This summer, through the support of a National Geographic Society grant and Microsoft, we drove more than 2,300 miles and taught more than 750 students across Sanchirmaa’s home country of Mongolia, one of the countries facing the highest rates of desertification in the world. We released the bilingual (English and Mongolian) original storybook, “The Adventures of Tuya and Noyon” which follows a young Mongolian girl, Tuya, and her snow leopard friend, Noyon, as they set off on a journey to find their family’s missing herd. The choose-your-own-adventure book engages students and its adventure plot helps young students break down and better understand complex phenomena such as climate change and its far-reaching consequences. We also designed an accompanying ethnographic and scientific curriculum to allow students to dive deeper into the principles introduced in the story (such as overgrazing, desertification, human-wildlife conflict, and the greenhouse effect). The interactive and inquiry-based curriculum requires students to form and test their own hypotheses to help Tuya and Noyon on their journey.

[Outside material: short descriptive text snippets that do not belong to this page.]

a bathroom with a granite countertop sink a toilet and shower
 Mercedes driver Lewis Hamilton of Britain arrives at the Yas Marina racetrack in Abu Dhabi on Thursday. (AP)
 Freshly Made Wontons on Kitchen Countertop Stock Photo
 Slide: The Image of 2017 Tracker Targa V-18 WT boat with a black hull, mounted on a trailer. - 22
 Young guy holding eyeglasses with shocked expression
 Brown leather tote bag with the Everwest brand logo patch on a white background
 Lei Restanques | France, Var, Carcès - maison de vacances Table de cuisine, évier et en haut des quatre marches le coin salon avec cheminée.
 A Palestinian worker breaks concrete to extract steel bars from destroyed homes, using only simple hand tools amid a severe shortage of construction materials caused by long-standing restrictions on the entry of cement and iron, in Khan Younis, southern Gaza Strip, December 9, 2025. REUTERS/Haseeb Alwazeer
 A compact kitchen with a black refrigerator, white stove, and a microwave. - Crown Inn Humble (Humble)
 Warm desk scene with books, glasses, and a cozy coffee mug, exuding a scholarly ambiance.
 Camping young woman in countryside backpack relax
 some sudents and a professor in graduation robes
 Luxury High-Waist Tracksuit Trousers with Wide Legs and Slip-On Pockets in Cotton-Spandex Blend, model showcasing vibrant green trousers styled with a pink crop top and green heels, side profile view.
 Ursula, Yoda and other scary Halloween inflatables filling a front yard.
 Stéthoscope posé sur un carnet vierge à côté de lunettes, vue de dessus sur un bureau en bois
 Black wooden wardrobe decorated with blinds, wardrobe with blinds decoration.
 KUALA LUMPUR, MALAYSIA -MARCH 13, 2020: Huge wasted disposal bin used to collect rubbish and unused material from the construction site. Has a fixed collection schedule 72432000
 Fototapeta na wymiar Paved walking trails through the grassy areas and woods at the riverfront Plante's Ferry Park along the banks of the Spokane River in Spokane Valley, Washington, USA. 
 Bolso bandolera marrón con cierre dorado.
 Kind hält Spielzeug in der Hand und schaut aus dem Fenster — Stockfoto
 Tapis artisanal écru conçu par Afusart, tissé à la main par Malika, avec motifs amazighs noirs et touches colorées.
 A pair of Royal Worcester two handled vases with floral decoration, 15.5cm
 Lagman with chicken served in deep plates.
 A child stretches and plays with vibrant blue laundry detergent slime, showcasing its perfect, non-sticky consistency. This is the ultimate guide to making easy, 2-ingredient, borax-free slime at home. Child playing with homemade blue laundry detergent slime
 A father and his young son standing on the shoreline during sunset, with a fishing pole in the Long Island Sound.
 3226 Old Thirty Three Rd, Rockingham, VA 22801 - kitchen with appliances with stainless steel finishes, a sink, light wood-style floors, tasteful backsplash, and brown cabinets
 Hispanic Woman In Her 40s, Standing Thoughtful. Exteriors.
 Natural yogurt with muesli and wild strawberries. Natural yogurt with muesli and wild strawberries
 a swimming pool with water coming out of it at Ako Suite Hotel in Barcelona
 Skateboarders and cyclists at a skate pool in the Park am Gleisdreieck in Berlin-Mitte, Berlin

It was exciting to see the action students took in their personal lives after reading about how Tuya asked her elders for their perspectives on the changes during their lives. The students shared with pride the recordings of interviews they had with their own family members about their life experiences. We clasped hands, shrieked, and ran on the playground as we playacted the roles of snow leopards hunting ibexes. When we graphed the predator and prey population sizes from the different rounds of the games, we could see the “aha!” moment light in their eyes when they realized how predator and prey population sizes fluctuated in tandem. These moments in the classroom were emphasized by the words of positive encouragement we received from teachers and school coordinators alike, who stressed the timeliness and necessity of environmental education. We also trained student teachers and the education officers of nonprofit organizations, so that schools and organizations including the Snow Leopard Trust, World Wildlife Fund, and the Wildlife Conservation Society can continue to use Climate Caravan’s curriculum in Mongolia.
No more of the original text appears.